= 1968 Irish constitutional referendums =

Two referendums, related to the Third and Fourth Amendment of the Constitution Bills, were held in Ireland on 16 October 1968, each on a proposed amendment of the Irish constitution relating to the electoral system. Both proposals were rejected.

The Third Amendment of the Constitution of Ireland Bill 1968 define the apportionment of constituency boundaries in a manner which would have allowed a greater degree of divergence of the ratio between population and constituencies.

The Fourth Amendment of the Constitution of Ireland Bill 1968 proposed to alter the electoral system for elections to Dáil Éireann from proportional representation by means of the Single transferable vote to the First-past-the-post voting system.

==Background==
Elections to Dáil Éireann, the house of representatives in the Oireachtas, are governed by Article 16 of the Constitution.

In 1959, the Fianna Fáil government of Éamon de Valera put the Third Amendment of the Constitution Bill to a referendum, which proposed to replace the electoral system of proportional representation by means of the single transferable vote (PR-STV) with first-past-the-post (FPTP). The referendum was defeated by 51.8% to 48.8%, on the same day on which de Valera had won the presidential election.
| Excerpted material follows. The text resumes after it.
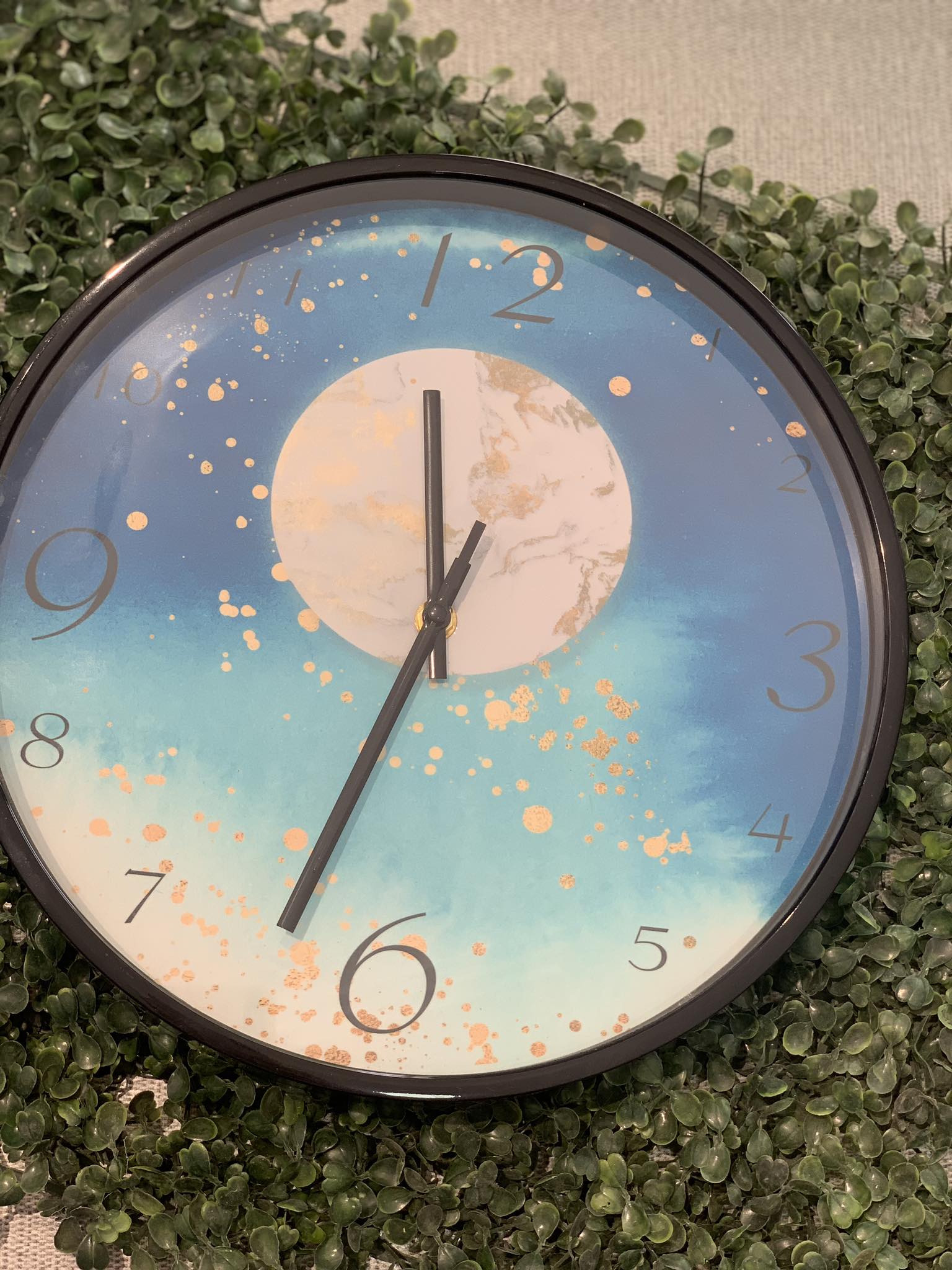 Montre Murale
John O'Donovan, a former Fine Gael TD, challenged the Electoral (Amendment) Act 1959, which had been proposed by a previous Fianna Fáil government, on the basis that there were "grave inequalities" with "no relevant circumstances to justify" them. In O'Donovan v. Attorney-General (1961), Gardner Budd held for the High Court that the Act was unconstitutional. The court, interpreting the "so far as it is practicable" condition of the Constitution, suggested a 5% variation as the limit without exceptional circumstances.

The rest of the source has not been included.